Andy Donaldson, 2010-08-12

Andy, security guidelines are not put in place by companies. People set those policies. If you are just following orders, you are not the core of the problem.

I did not think I needed to elaborate, but it looks like I need to. Let's make an example on how more drankonian guidelines lead to less security.

A person has to make a presentation, and he needs an update from the mothership. One of his team sends the presentation to his BlackBerry. There is a policy on the BlackBerry which does not allow him to use the USB port and the storage card. He is now faced with the problem how to move the file from the BlackBerry to the presentation computer. What would you do in this situation? Failure is not an option.

Most users I know would find this solution to work best: send the file to the mailbox of the person who owns the presentation computer. Smarter users send the file to their own mailbox, open that in a web browser and pull the file from there, hold the presentation, and later delete it from the presentation computer. They would also access their corporate mailbox from the presentation computer, but they are unlikely to be able to do that, since that is another security risk mitigated by the mandatory use of a VPN protected by a security token.

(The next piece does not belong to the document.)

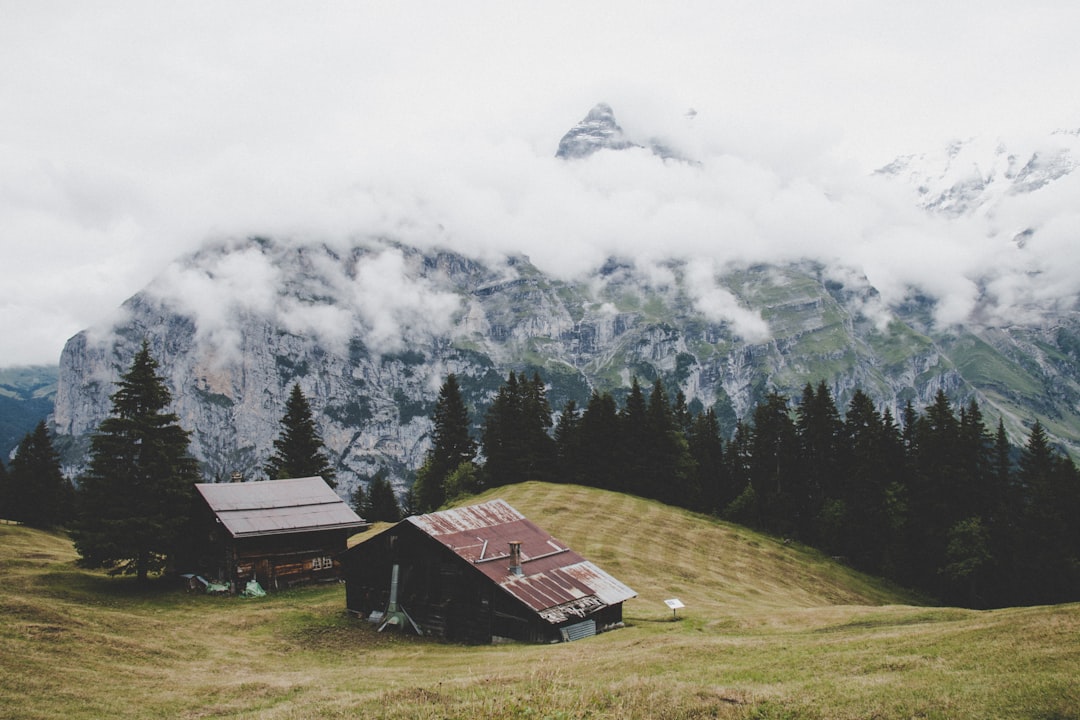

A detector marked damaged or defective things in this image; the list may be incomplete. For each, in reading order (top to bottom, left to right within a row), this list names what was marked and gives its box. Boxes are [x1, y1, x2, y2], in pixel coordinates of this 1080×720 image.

As I said, failure is not an option. The person is going to find a way. He is not going to say, I'm sorry, I am unable to hold this presentation because the guidelines put in place by our company ... unless, he is an administrator of course. ;-)

Imagine a person who carries two phones: one company issued, with all the bells and whistles that security policies provide. And another one with sensible measures. Which one are they going to use for the heavy lifting? The real problem is, that the "other" device most likely has no measures applied at all. And it would not be carried in the first place if the company device would not be so useless.

I am finding that most of the critical information I receive comes from private Google Mail accounts. If the company blocks Google logins, people use their own smartphones.

If you follow my train of thoughts you will find that more security theater leads to less security.